- Born: 1904
- Died: 1971 (aged 66–67)
- Known for: First Ceylonese Chief Fire Officer of Colombo

= Bertram Weerasinghe =

Bertram Edmund Weerasinghe, OBE (1904–1971) was a Ceylonese engineer and firefighter. He was the first Ceylonese Chief Fire Officer of Colombo.

After studying engineering at the Staffordshire University, Weerasinghe returned to Ceylon and took on an engineering post. Unhappy with the work he applied for and was selected in 1932 to become the first Ceylonese Chief Fire Officer of Colombo Municipal Council.
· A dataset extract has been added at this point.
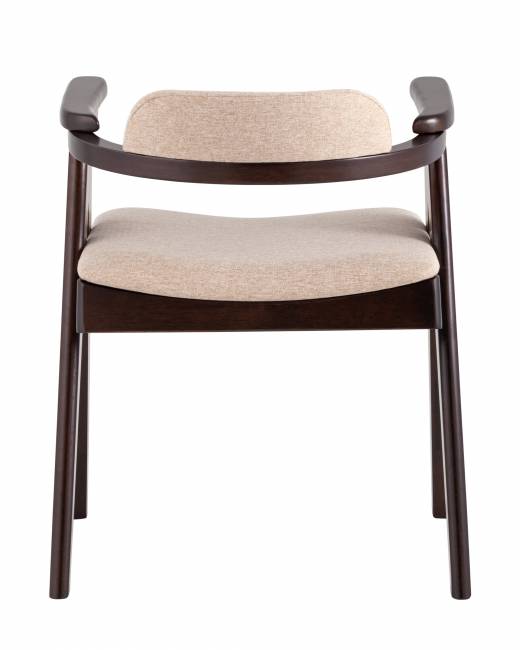 Стул обеденный OLAV бежевый 2 шт.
In October 1932, soon after the selection he was sent to Britain for training with the Sheffield Fire Brigade at the Central Fire Station in South Yorkshire under Superintendent Tom Breaks. On returning to Ceylon in 1933 he was appointed as Chief Fire Officer and served until 1946. During World War II he served as Assistant Civil Defense Commissioner and was awarded an OBE for his service. After leaving the Colombo Fire Brigade he went serve as an Assistant superintendent of police (ASP) in the 1950s. In the 1960s he worked as an executive in the corporate sector, serving as the General Manager of Pure Beverages Ltd. In 1962, he appeared in the BBC television programme “This Is Your Life.” with his mentor Tom Breaks the former Chief Fire Officer of Sheffield.

He was also the Golf Champion of Ceylon.